Le préparateur réfléchit et finit par ajouter :

- Et la mère Mazarin aussi…

- C'est vrai qu'il est détestable, mais il a aussi un côté attachant, non ?, reprend sa collègue pendant que Marion, concentrée, vérifie les sacs à livrer à Monsieur Brinbault.

- C'est un con. Même malade, il n'a pas à traiter son entourage comme ça, encore moins quand on le soigne. Tu me fais penser à une collègue préparatrice, dans une pharmacie où j'ai débuté ma carrière. Corinne… plus les patients étaient torturés, plus elle aimait s'en occuper.

- On n'est pas là que pour les patients faciles !, intervient Marion.

- Toi, tu ne diras pas ça dans une heure…, lui répond Damien en s'éloignant.

D'habitude, les livraisons de médicaments au domicile des patients sont assurées par les préparateurs, voire par Marilyne. Karine et J-C souhaitent désormais que les pharmaciens, dont eux, se rendent au domicile des patients de temps en temps. D'autant plus que la Pharmacie du Marché a intégré un programme mis en place par l'ARS pour détecter les fragilités ou des signes de perte d'autonomie chez des patients âgés. « De plus en plus, l'intervention pharmaceutique doit dépasser les murs de l'officine. J'espère même qu'on pourra réaliser des bilans de médication à domicile », avait expliqué Karine à ses adjoints. Cette nouvelle perspective avait fait râler Jean-Paul. Les bras croisés, le regard renfrogné, il avait lâché : « Vivement la retraite ».

Lorsque Marion arrive devant la porte de Monsieur Brinbault, elle repense aux conseils de Christèle : « Je ne suis plus une étudiante quand même ! Je ne vais pas me mettre à avoir peur des clients. » Elle a déjà eu l'occasion de parler au téléphone avec cet homme et l'échange s'était bien passé.

- Entrez.

- Monsieur Brinbault, bonjour. J'apporte les médicaments et les pansements.

- Encore une nouvelle ! Le personnel change tout le temps, vos collègues ne veulent plus me voir ?, lance l'homme, assis à sa table de cuisine sans relever les yeux de ses mots croisés.

On ne sait plus de quelle maladie Monsieur Brinbault souffre réellement, à force d'empiler les diagnostics et les traitements : BPCO, arthrose, amputation d'une main, paralysie neurologique, infections chroniques, hypertension et maladie coronaire…

- Je suis Marion. Nous nous sommes parlé au téléphone. Christèle et Nicole sont toujours à la pharmacie, mais j'avais envie de connaître plus qu'une voix. Je suis pharmacienne…

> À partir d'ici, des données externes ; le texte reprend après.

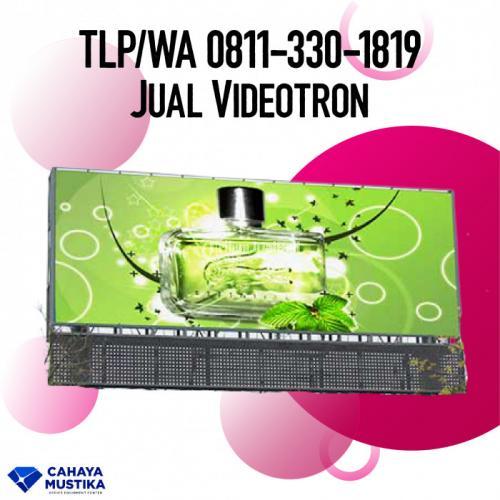 WA 0811 330 1819 | Videotron P6 Outdoor Bandung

- Pharmacienne, préparatrice, j'en ai rien à foutre. Du moment que vous me donnez mes poisons.

Le patient s'interrompt, regarde Marion pour la première fois, et poursuit, d'un ton toujours provocateur :

- Alors, le physique vous plaît autant que la voix ? Posez les médicaments sur la table.

Marion est embarrassée. La table de cuisine est déjà encombrée de médicaments et autres produits de santé.

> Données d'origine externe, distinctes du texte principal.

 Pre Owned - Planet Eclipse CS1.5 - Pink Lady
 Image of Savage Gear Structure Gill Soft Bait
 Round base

- C'est une véritable pharmacie. Nous pourrions peut-être…

- Vous posez, et vous touchez à rien.

Marion prend une boîte dans le tas de médicaments :

- Mais ce comprimé par exemple, vous ne le prenez plus ? Je peux l'emporter au recyclage.

- Foutez le camp.

- Monsieur Brinbault, parlez-moi comme vous voulez. Je m'en fiche. Par contre, laissez-moi faire mon travail.